**Exercise prompt**. Exactly as they stand, copy the lines from the one containing "Laan van Hout 23 Waddinxveen thumbnail 31" to the final line of the data; leave out the pictures.

**Given data**.
┌──

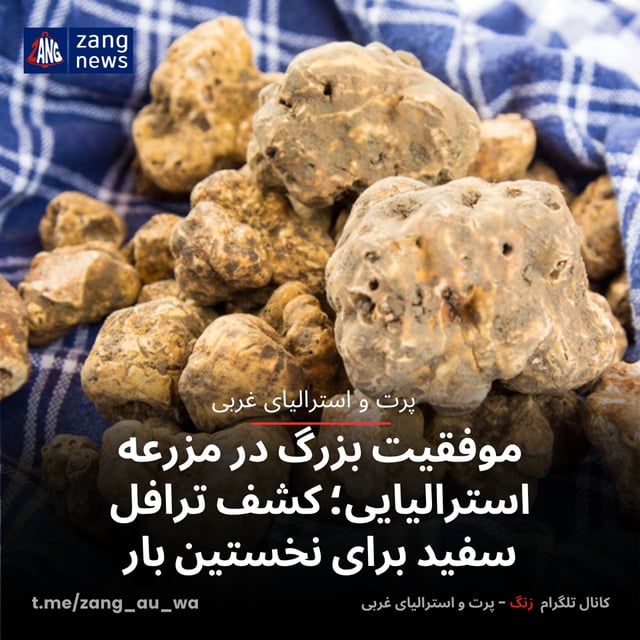 موفقیت بزرگ در مزرعه استرالیایی؛ کشف ترافل سفید برای نخستین بار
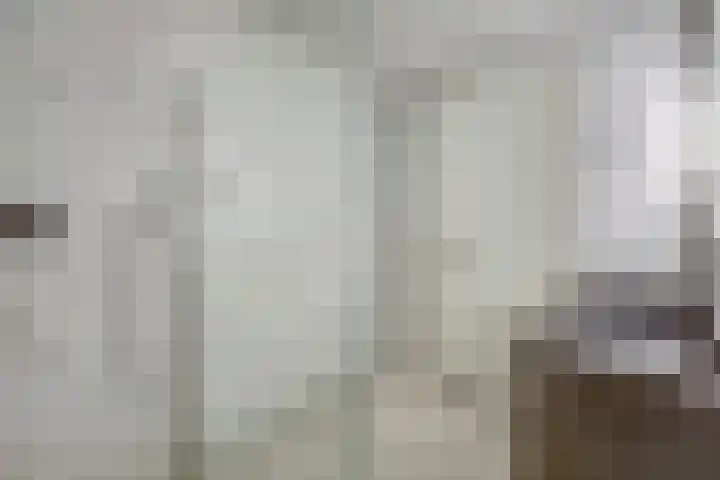 Laan van Hout 23 Waddinxveen thumbnail 31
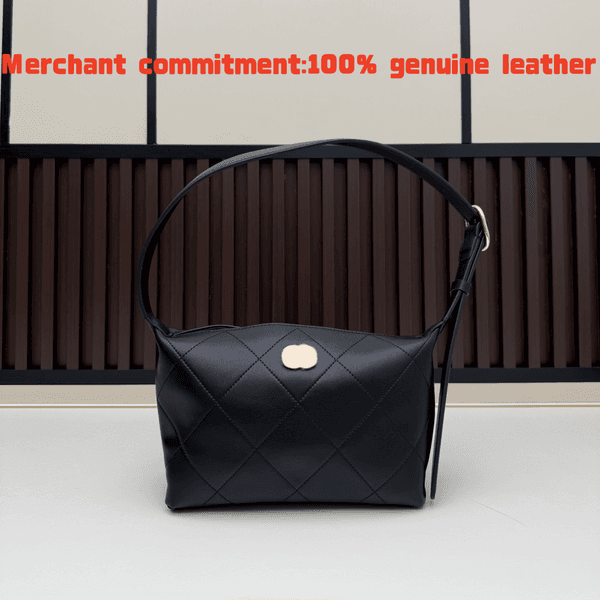 Luxury Designer bags Womens hobo bag mens crossbody bag high quality tote bag Shoulder Bag leather Clutch Bags fashion bag cosmetic Evening Bags quilted bag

└──

**Solved problem**.
 Laan van Hout 23 Waddinxveen thumbnail 31
 Luxury Designer bags Womens hobo bag mens crossbody bag high quality tote bag Shoulder Bag leather Clutch Bags fashion bag cosmetic Evening Bags quilted bag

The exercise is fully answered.